Hence it is thought that three orders are closely related with each other and represent a distinct line of evolution reaching far back into the Palaeozoic. Cycas being the most primitive of living Cycadales, on account of its loose and fern like megasporophylls, stand nearest to the fossil seed plant line and therefore, the Cycas (cycads) is thought to be a ‘living fossil’.
Economic Importance of Cycas:
The pith of Cycas revoluta yields sago and the fruits can be eaten, being rich in protein and soluble non-nitrogenous substances. In Europe, the leaves of Cycas revoluta after silvering and treatment in various ways are made into funeral wreaths, there the leaves are called ‘palm leaves’. The leaves of C. circinnalis are used in making mats in South India.
The young shoots of C. circinnalis are eaten, and sago is also obtained from the trunk.

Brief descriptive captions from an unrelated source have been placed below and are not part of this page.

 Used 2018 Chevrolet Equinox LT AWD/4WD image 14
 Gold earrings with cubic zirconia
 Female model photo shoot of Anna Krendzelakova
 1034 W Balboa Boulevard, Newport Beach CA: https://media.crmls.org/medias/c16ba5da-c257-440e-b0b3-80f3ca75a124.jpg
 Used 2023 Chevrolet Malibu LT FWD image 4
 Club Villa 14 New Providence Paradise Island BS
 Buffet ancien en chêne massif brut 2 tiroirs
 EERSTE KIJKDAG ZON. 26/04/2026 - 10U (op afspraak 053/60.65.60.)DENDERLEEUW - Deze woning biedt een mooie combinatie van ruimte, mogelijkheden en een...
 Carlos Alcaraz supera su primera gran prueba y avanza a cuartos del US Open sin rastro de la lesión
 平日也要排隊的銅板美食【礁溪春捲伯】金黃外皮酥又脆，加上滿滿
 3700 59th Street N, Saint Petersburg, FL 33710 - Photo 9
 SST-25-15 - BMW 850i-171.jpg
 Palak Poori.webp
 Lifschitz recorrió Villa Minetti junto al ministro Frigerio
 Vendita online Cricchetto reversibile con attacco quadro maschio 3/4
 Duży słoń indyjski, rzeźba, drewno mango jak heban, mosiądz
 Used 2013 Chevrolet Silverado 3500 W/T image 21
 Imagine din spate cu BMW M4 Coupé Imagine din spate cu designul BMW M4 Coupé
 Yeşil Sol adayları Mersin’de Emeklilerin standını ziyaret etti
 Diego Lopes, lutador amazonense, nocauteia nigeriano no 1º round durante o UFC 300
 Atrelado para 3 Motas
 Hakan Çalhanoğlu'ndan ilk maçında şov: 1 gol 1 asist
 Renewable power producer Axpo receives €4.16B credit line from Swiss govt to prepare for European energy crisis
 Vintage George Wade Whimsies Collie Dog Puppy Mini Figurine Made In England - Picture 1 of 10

For obtaining the sago, the trunk is cut into disks which when dry are pounded into flour and thereafter thrown into water where the starch settles down. The large fruits of C. circinnalis yield annually about the same quantity of starch. The hill tribes of Assam eat the seeds and tender fleshy shoots of Cycas pectinata.
The fleshy stem of C. pectinata is pounded and used as a hair wash for diseased root hair. The sago is also extracted from the trunk of Cycas rumphii. The cooked fruits of C. rumphii are eaten by Andamanese tribes while the uncooked fruits are poisonous.